Suicide Squad is probably the most anticipated film of the year—and according to a lot of viewers, the biggest let down. The film struggles to deliver the irreverent, dark, and quirky story the trailers promised and manages to entangle its characters in an overdone, unoriginal plot and horrible CGI. While it isn’t a colossal mess like Batman v Superman, it is by no means where DC needs to be. However, I found the film to be enjoyable and was mostly pleased with the performances and characterization of the beloved DC comic book characters. Suicide Squad manages to provide mindless fun regardless of the meager storyline and whirlwind pacing. Comic book fans will be fairly satisfied.
A secret task force of the most dangerous supervillains in the world working to save the world is promising, when done correctly. The movie was so hyped up by the studios that it was hard to go in without being slightly disappointed. The characters have so much potential and that potential was underutilized. The characterization of Harley Quinn was certainly a highlight of the film. I’ve adored the character since I was a little kid, so her live action debut was extremely important to me, and I was pleasantly surprised with it. Margot Robbie portrays the unstable, Joker-crazed character perfectly, depicting Harley’s damaged and chaotic personality in an empowering and emotional manner. The cotton-candy colored character enacts violence with a giddiness that is straight from the pages of a comic book, and she included the iconic accent on a more subtle level than past cartoons. Robbie did the best she could under the misogynistic situation the film put her in. While Harley’s character has always been sexual and uses that sexuality as a weapon of power, the film manages to objectify her, presenting her as an object for the male audience with slow, sensual pans up her half-naked body. It was curious to me that Harley Quinn and Enchantress were scantily clad while the majority of male characters were in head to toe armor. There’s a difference between being sexual and being objectified, and the director clearly didn’t acknowledge that line (and if you’re argument is that Harley is over-sexualized in the comics, well, surprise, comics can be misogynistic too).

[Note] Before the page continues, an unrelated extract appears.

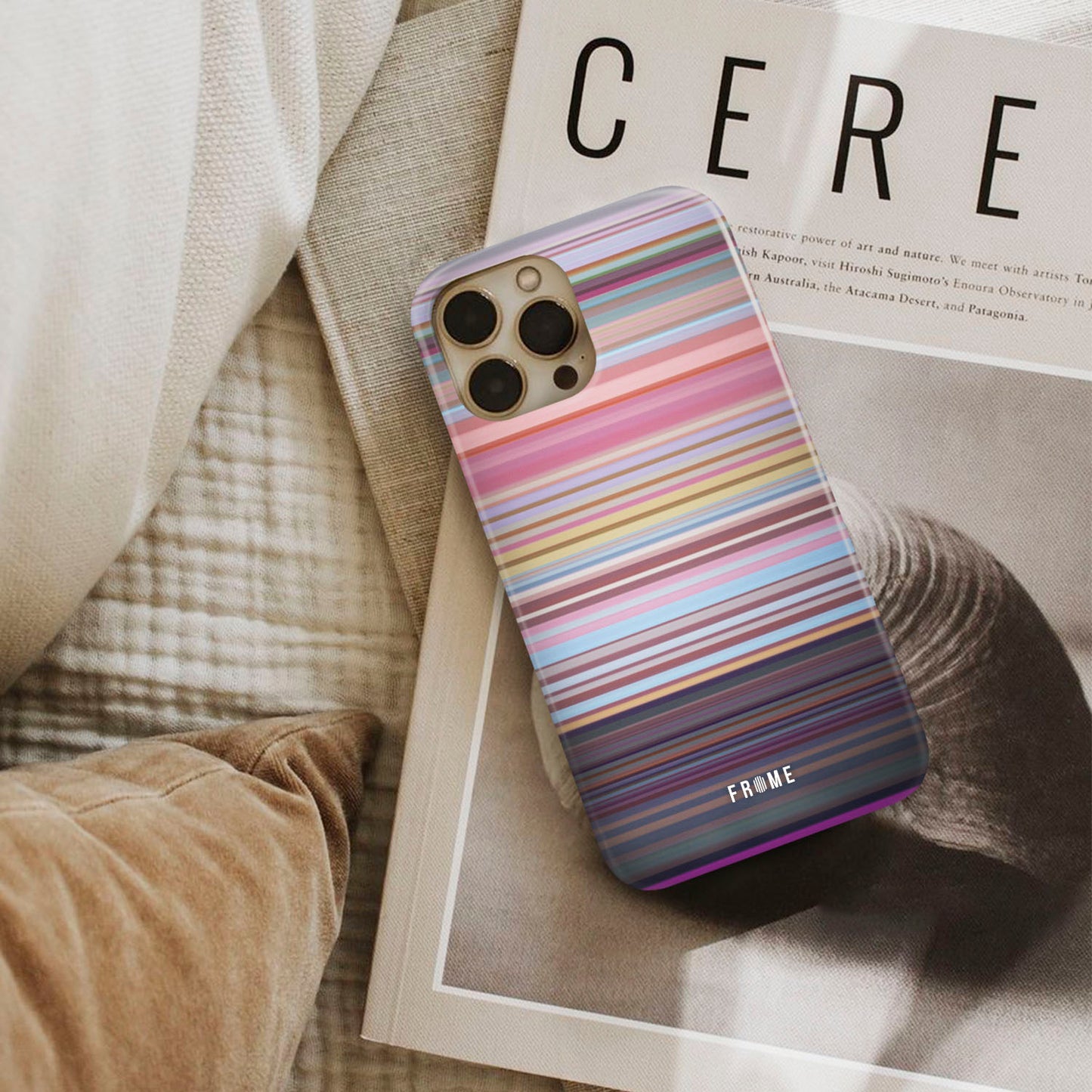 aqua - barbie girl Frome phone case next to interior items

Other cast members stood out as well, although none as brightly as Robbie. Will Smith shone as the gun-slinging assassin Deadshot, bringing a more stable and realistic characterization to the movie than any of his teammates. He and Robbie manage to anchor their cast mates and bring some stability to a chaotic plot. Unlike many audience-members, I applauded Jared Leto’s performance as a twisted, flashy Joker, which he played with instability and an underlying psychotic rage that was mystifying and impressive. According to Leto, many of the scenes he filmed were cut, which results in a lack of continuity in his storyline. His parts of the film seem a bit inconsistent and he continually shows up seemingly out of nowhere. Compared to the hype of his character, there was a severe lack of the Clown Prince of Crime in the film.

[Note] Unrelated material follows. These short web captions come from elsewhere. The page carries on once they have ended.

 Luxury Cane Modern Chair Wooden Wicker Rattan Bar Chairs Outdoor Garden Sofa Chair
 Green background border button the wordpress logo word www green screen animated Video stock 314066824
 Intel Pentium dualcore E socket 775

The pace of the film was incredibly jarring. The beginning of the film was a whirlwind of trying to set up identities of each of the main characters. They were each summarized in a way that seemed forced, but worked well enough. The film is set up better than Batman v Superman, and the cast has a great chemistry that helps the banter amongst the team feel believable. The second half of the film was fully of each character fighting in their own personal ways, but there was a lack of urgency as they grew closer to the “end of the world” (and what exactly was Enchantresses plan, anyway? It’s not exactly clear).Throughout the film the tone shifts drastically, trying to be lighthearted and funny while dark and gritty. The flashback scenes of Harley and Joker were mystical, psychedelic, and tragic, while the scenes of the entire squad working together were attempting to be quirky, comical, and irreverent. The film was split between those two tones, failing to choose one and resulting in inconsistency and confusion. It’s as if David Ayer wanted to tell a dark and cynical story while the studio pressured him to make a film more lighthearted, like Guardians of the Galaxy, in order to compete with Marvel. Ayer has his name on this film, but I don’t believe it is the film he set out to make.

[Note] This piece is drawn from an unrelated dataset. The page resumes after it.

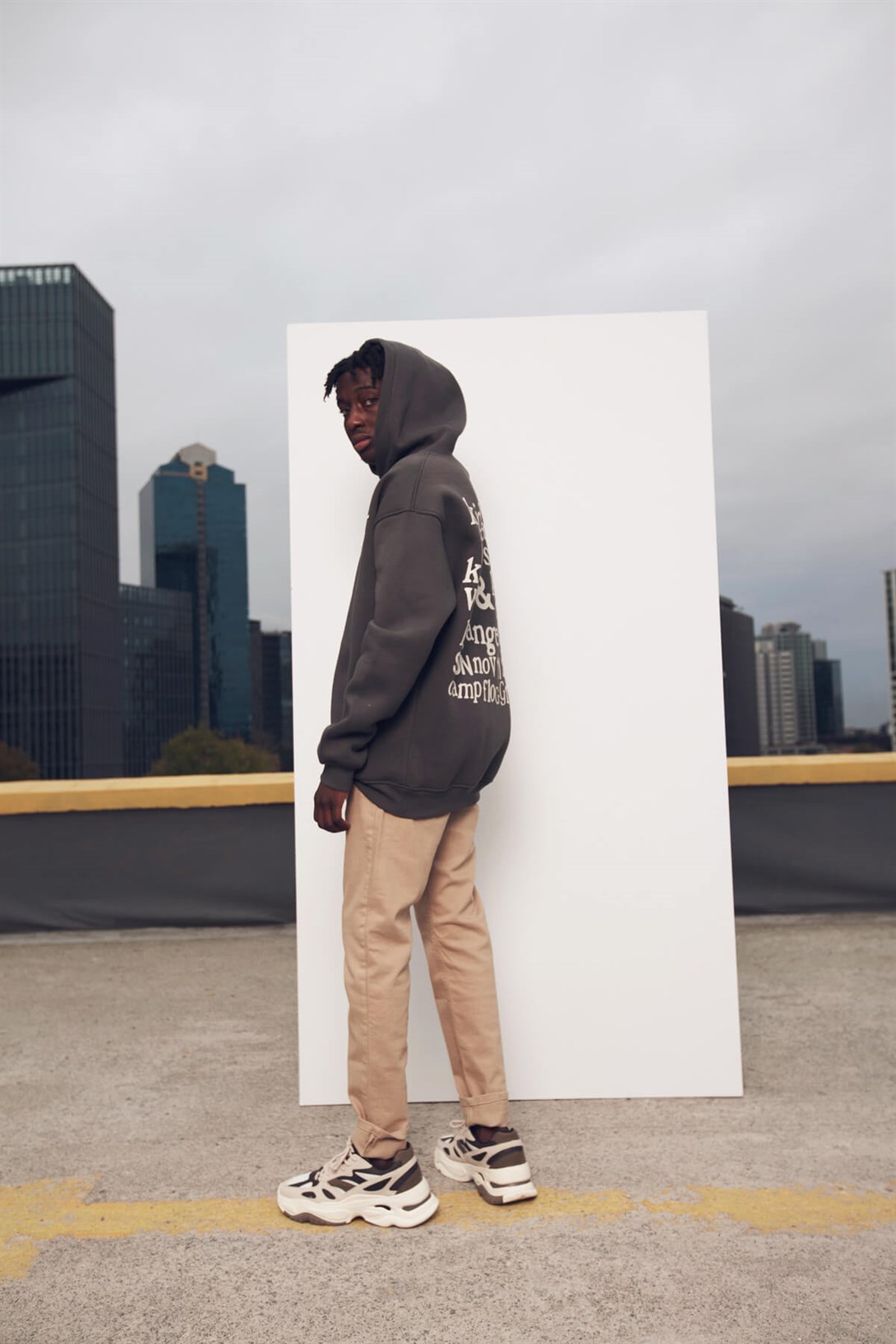 Trendiz Ksg Oversıze Sweatshirt Hoodie Koyugrı TR30022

Suicide Squad does not deserve the horrific reviews it is receiving, but it doesn’t deserve any awards either. Although it didn’t live up to the hype, it manages to be a fun and entertaining movie with lovable characters worthy of a comic book nerd’s time. It was a small step forward for DC compared to Batman v Superman, but they still have a long way to walk. Hopefully this is a trend, and each movie will be better than the last.
Help us Wonder Woman, you’re our only hope.